Input for this task |
.....
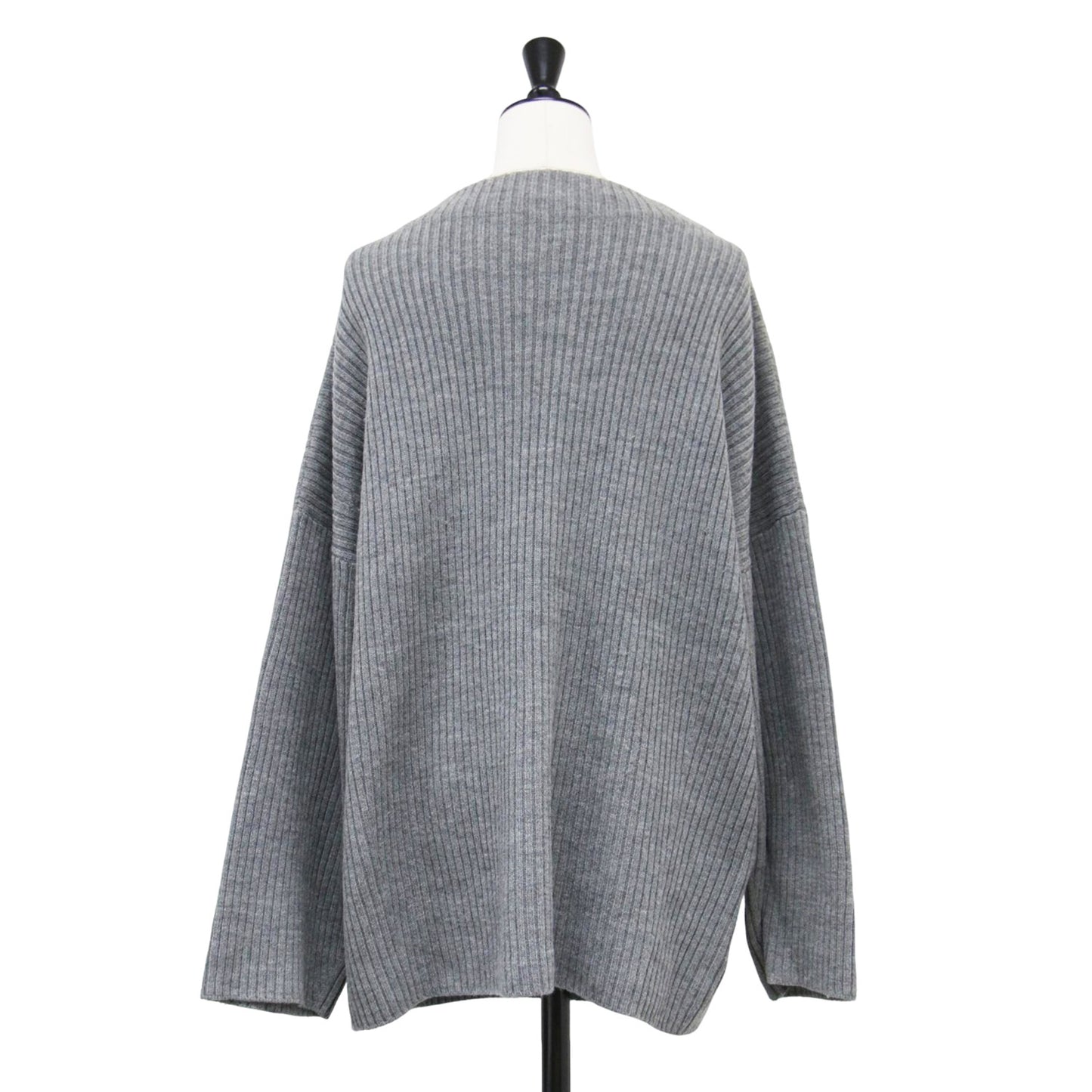 20秋冬 ウール リブ ビルドネック プルオーバー / ニット スタンドカラー 長袖 Iライン ミドルゲージ ワイド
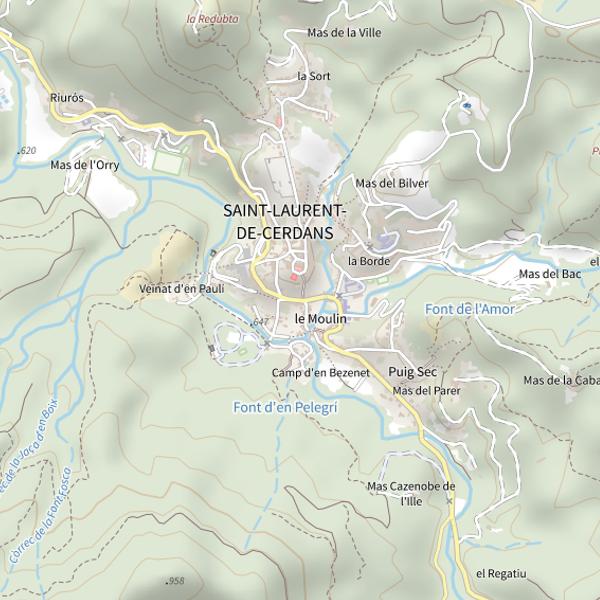 Plan cartographique de Secteur de pêche de Saint-Laurent-de-Cerdans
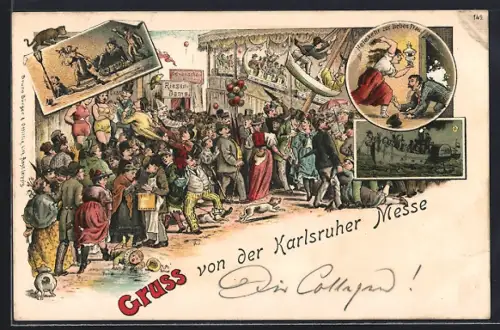 Lithographie Karlsruhe, Buntes Markttreiben auf der Karlsruher Messe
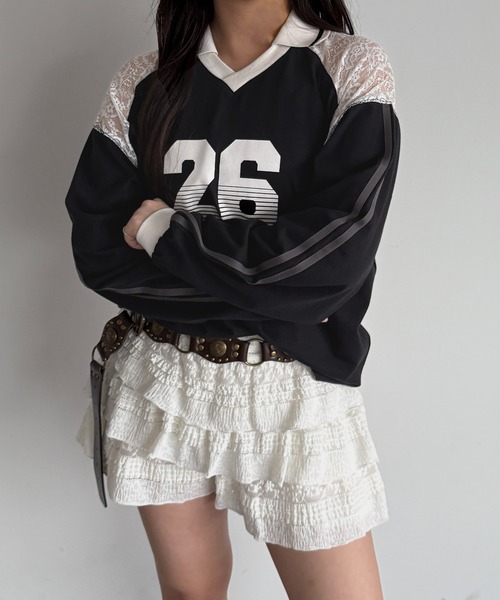 apres jour mignon(アプレジュールミニョン)の「レース切り替えユニフォームT【ZOZOTOWN限定アイテム】(Tシャツ/カットソー・レディース・ブラック/ライトブルー/ネイビー・フリー/X-LARGE)」の4枚目の写真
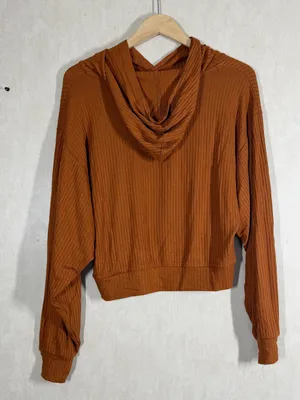 Beyond Yoga Women’s So Chic Cropped Hoodie Pullover Lightweight in Clove Brown M thumbnail 4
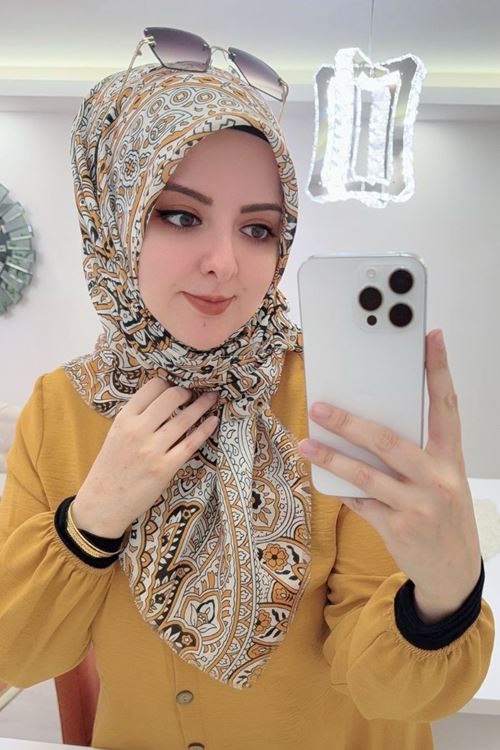 Rüya Koton Eşarp Etnik Desen 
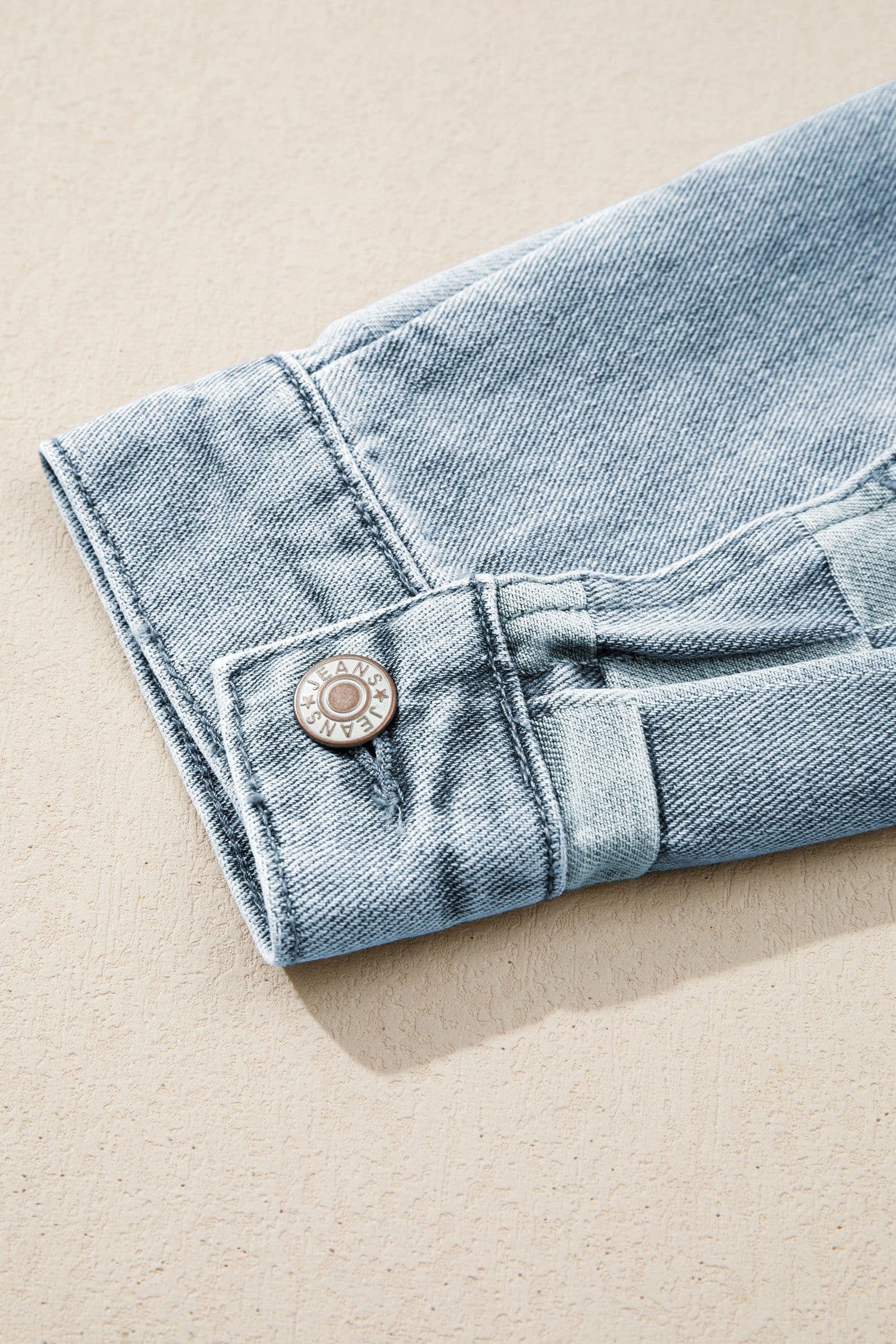 image-Beau Blue Denim Checkered Patchwork Jacket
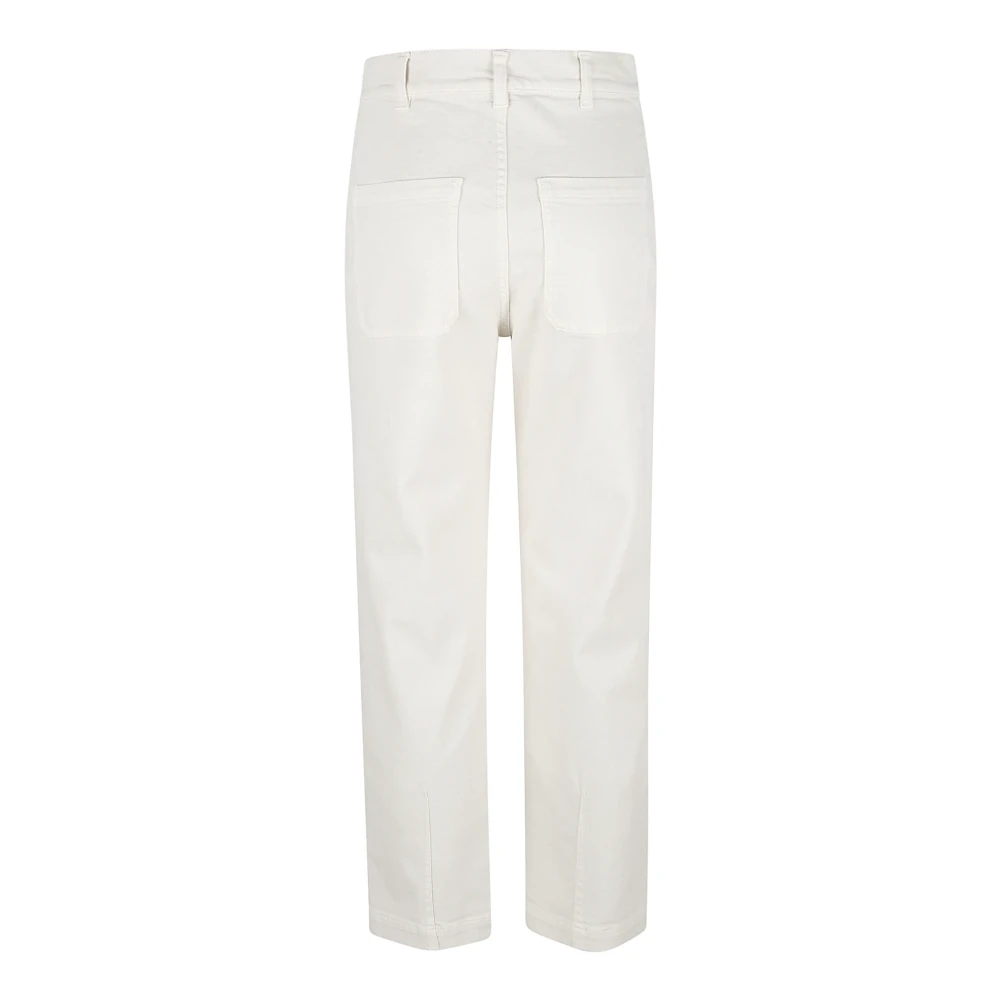 Eleventy Crème Katoen Elastaan Broek Made in Italy Beige Dames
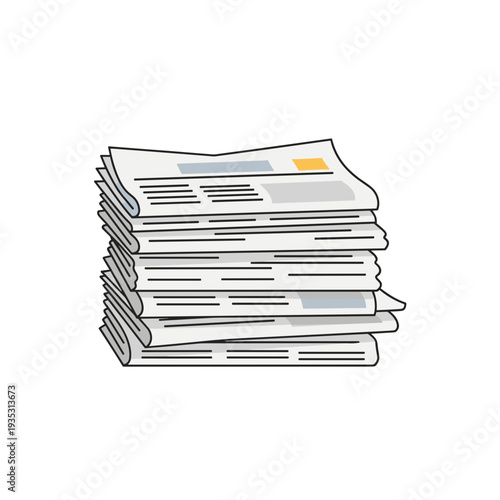 Stack of newspapers on white background  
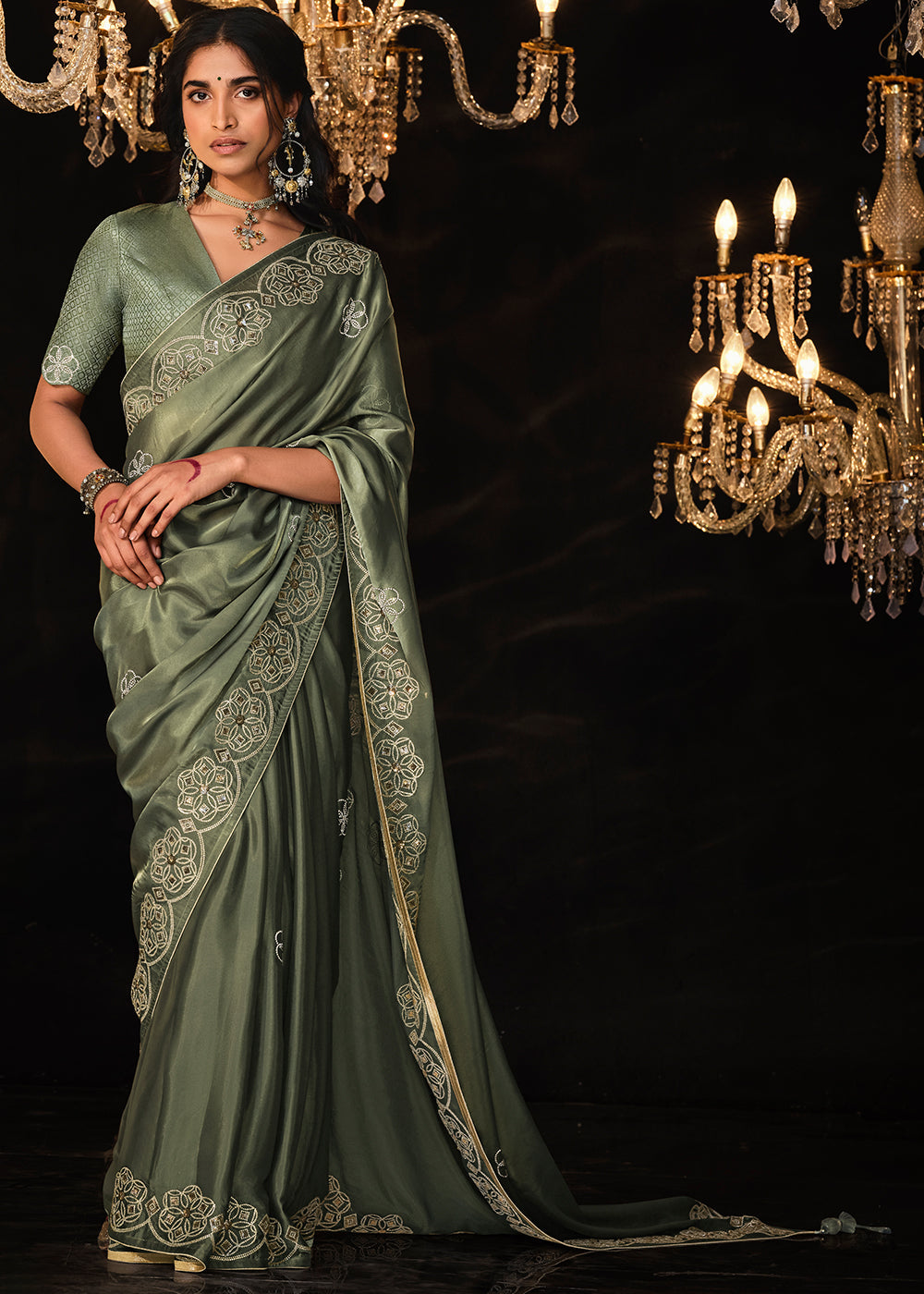 Siam Green Embroidered Designer Satin Silk Saree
.....
Task item |
Go back to the line containing "Lithographie Karlsruhe, Buntes" and output it and every line after it through the end of the records, exactly, but not the pictures.

Task response |
 Lithographie Karlsruhe, Buntes Markttreiben auf der Karlsruher Messe
 apres jour mignon(アプレジュールミニョン)の「レース切り替えユニフォームT【ZOZOTOWN限定アイテム】(Tシャツ/カットソー・レディース・ブラック/ライトブルー/ネイビー・フリー/X-LARGE)」の4枚目の写真
 Beyond Yoga Women’s So Chic Cropped Hoodie Pullover Lightweight in Clove Brown M thumbnail 4
 Rüya Koton Eşarp Etnik Desen 
 image-Beau Blue Denim Checkered Patchwork Jacket
 Eleventy Crème Katoen Elastaan Broek Made in Italy Beige Dames
 Stack of newspapers on white background  
 Siam Green Embroidered Designer Satin Silk Saree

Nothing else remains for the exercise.